**Task**
What you need to produce from the material below is an exact transcription of the lines from the one with "Ehliyet Sınavında Devrim: Serbest" through the one with "UMF Medical 8612 Exam Table", both included, and no other line.

BEGIN Source information

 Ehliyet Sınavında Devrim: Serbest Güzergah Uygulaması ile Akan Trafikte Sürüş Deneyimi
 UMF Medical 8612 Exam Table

END Source information
BEGIN Source information

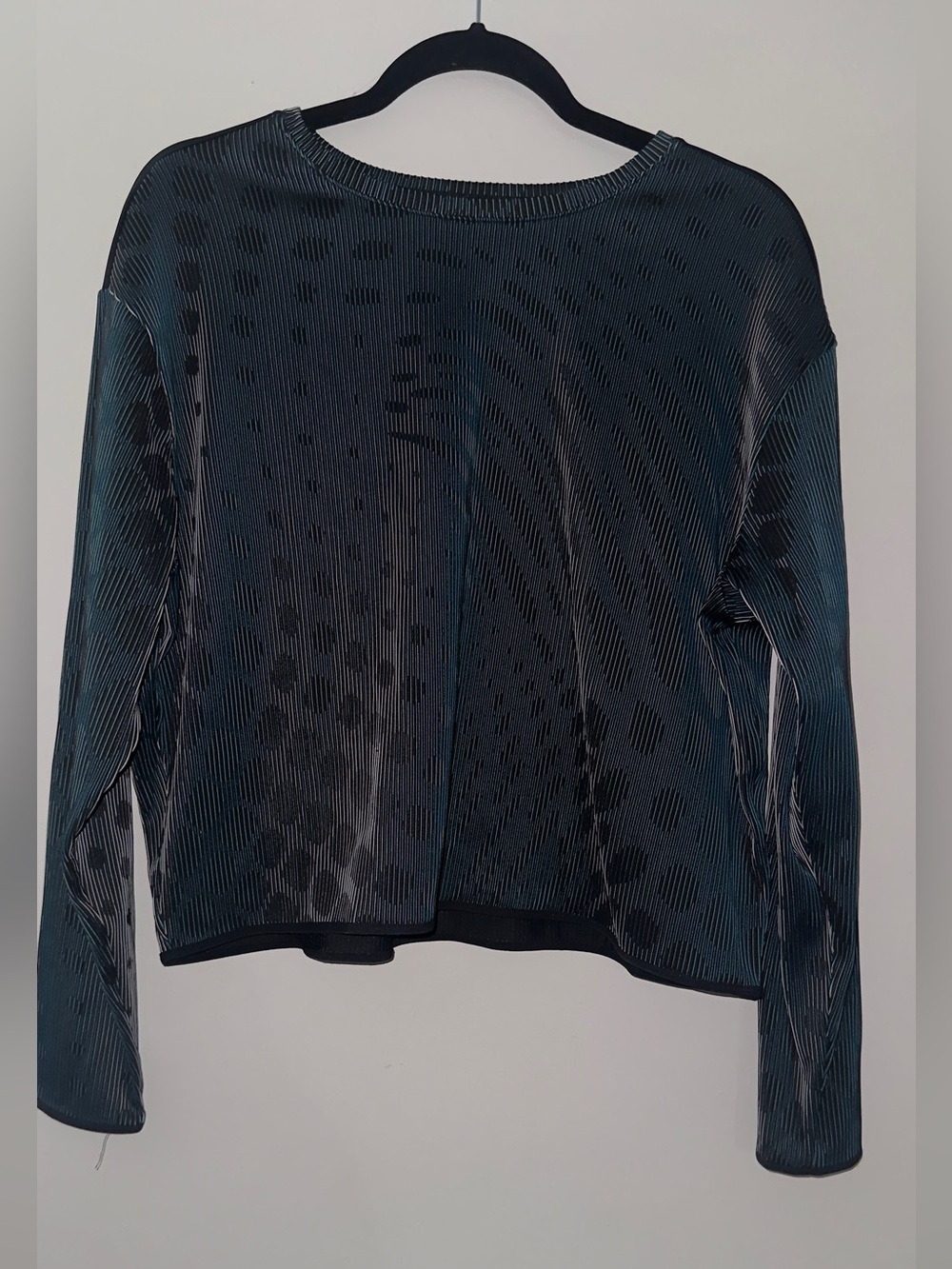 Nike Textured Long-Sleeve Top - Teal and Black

END Source information

**Response for this exercise**
 Ehliyet Sınavında Devrim: Serbest Güzergah Uygulaması ile Akan Trafikte Sürüş Deneyimi
 UMF Medical 8612 Exam Table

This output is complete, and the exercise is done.